**DATASET RECORDS:**
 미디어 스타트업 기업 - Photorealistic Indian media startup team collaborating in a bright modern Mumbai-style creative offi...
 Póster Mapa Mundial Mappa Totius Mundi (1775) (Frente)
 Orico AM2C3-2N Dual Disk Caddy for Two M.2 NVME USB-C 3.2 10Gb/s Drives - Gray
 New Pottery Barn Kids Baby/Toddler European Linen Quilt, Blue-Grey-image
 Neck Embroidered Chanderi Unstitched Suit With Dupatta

---

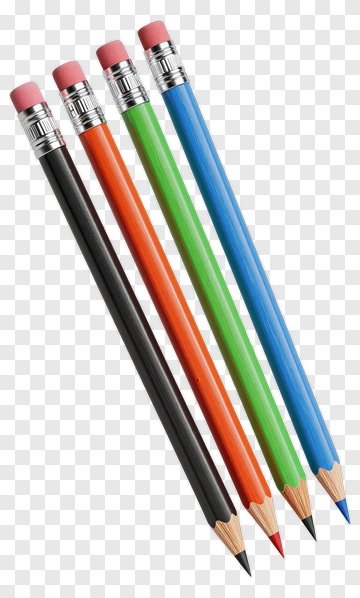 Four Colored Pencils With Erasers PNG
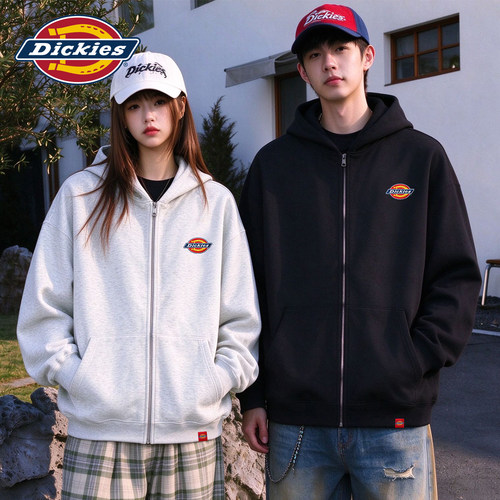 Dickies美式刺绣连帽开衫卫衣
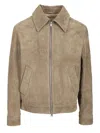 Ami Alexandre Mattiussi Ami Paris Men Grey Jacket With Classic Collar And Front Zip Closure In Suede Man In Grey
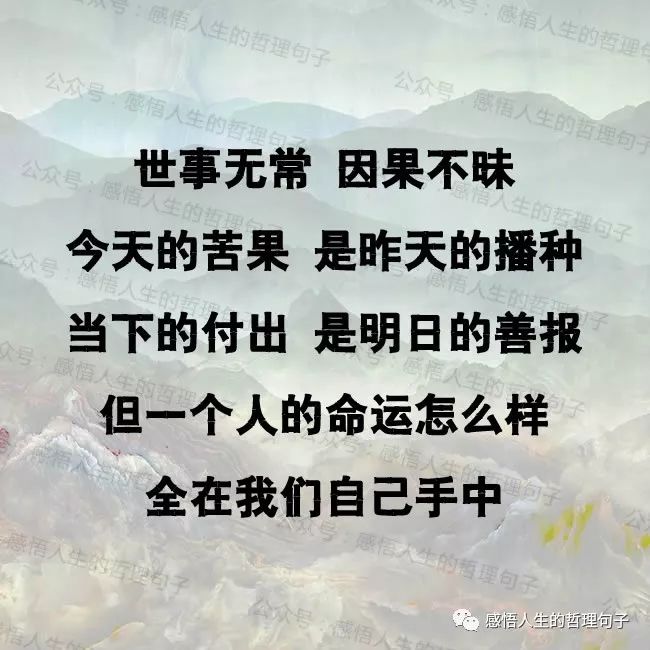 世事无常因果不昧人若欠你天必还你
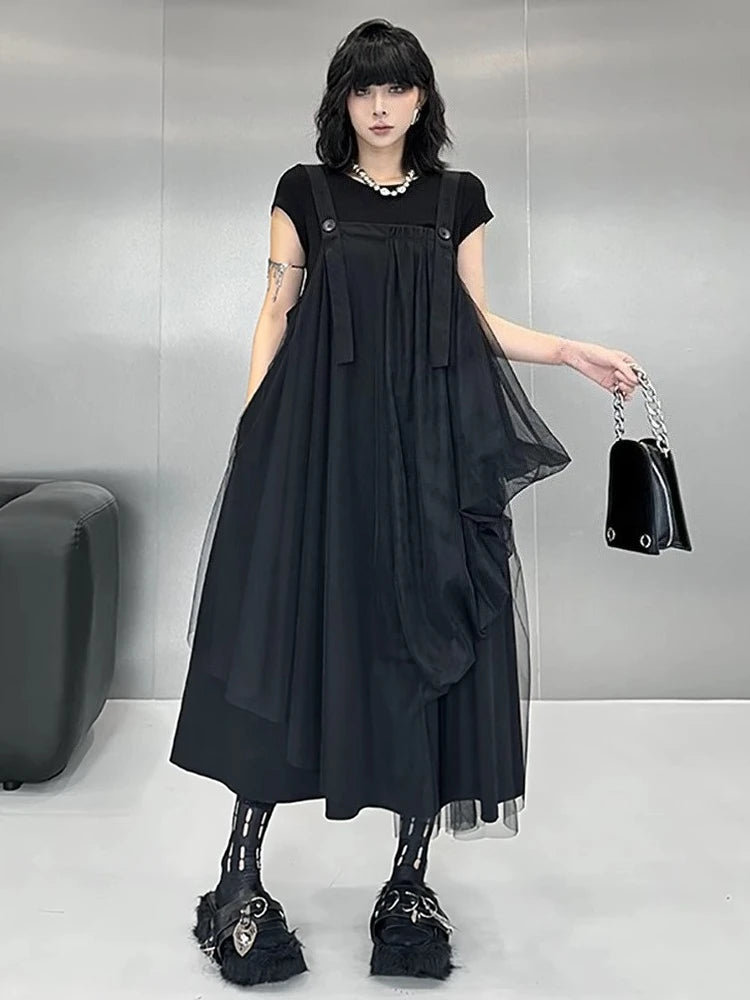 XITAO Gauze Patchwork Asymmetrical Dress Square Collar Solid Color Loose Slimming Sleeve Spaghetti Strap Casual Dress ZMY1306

**DIRECTIONS FOR THIS TASK:** All that is wanted is an exact copy of the lines above from the one with "미디어 스타트업 기업" through the one with "Neck Embroidered Chanderi", with both ends included.

**OUTPUT:**
 미디어 스타트업 기업 - Photorealistic Indian media startup team collaborating in a bright modern Mumbai-style creative offi...
 Póster Mapa Mundial Mappa Totius Mundi (1775) (Frente)
 Orico AM2C3-2N Dual Disk Caddy for Two M.2 NVME USB-C 3.2 10Gb/s Drives - Gray
 New Pottery Barn Kids Baby/Toddler European Linen Quilt, Blue-Grey-image
 Neck Embroidered Chanderi Unstitched Suit With Dupatta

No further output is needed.